**Problem to solve**: From the entries that follow, reproduce exactly and only the lines from the line with "Lost & Found Hostel ウェリガマ エクステリア 写真" to the line with "15 Alderbrook Road", endpoints included.

Collected data entries:
--- START ---
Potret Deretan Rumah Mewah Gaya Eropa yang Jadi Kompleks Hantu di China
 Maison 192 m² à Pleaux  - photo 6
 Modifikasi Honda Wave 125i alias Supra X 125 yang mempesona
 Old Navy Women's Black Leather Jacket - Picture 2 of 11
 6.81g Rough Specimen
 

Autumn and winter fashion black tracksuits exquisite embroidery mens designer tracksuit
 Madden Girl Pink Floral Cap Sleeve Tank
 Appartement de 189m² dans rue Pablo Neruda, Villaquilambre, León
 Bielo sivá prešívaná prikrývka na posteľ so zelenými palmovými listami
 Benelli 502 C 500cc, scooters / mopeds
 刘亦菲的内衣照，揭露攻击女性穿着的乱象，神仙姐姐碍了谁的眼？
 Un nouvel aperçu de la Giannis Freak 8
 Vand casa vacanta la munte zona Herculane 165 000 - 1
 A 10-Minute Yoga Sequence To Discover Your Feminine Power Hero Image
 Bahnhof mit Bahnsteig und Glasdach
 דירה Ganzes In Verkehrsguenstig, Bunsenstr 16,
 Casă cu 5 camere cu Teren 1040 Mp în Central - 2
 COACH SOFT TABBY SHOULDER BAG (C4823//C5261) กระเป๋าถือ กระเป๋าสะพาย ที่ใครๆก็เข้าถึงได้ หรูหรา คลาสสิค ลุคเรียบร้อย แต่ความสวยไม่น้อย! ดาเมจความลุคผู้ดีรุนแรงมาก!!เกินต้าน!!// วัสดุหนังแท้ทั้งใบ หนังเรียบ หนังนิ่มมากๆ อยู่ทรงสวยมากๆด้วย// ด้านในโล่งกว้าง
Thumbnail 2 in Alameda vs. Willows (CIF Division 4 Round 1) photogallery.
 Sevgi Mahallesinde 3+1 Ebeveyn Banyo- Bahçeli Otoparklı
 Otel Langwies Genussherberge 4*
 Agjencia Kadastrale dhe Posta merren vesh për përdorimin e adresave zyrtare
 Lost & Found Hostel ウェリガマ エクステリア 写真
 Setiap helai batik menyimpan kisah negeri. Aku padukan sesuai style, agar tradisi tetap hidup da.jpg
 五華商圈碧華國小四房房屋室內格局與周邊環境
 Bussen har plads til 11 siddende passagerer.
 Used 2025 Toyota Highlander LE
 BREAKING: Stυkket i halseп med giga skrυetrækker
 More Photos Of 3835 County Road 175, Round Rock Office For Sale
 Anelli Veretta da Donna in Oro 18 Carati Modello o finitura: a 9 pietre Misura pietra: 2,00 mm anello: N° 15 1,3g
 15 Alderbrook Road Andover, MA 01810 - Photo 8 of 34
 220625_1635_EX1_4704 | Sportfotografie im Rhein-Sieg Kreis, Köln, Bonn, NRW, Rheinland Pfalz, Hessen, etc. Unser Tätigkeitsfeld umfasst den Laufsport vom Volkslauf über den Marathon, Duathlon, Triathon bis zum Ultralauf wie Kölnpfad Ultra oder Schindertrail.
--- END ---
**Solution to the problem**:
 Lost & Found Hostel ウェリガマ エクステリア 写真
 Setiap helai batik menyimpan kisah negeri. Aku padukan sesuai style, agar tradisi tetap hidup da.jpg
 五華商圈碧華國小四房房屋室內格局與周邊環境
 Bussen har plads til 11 siddende passagerer.
 Used 2025 Toyota Highlander LE
 BREAKING: Stυkket i halseп med giga skrυetrækker
 More Photos Of 3835 County Road 175, Round Rock Office For Sale
 Anelli Veretta da Donna in Oro 18 Carati Modello o finitura: a 9 pietre Misura pietra: 2,00 mm anello: N° 15 1,3g
 15 Alderbrook Road Andover, MA 01810 - Photo 8 of 34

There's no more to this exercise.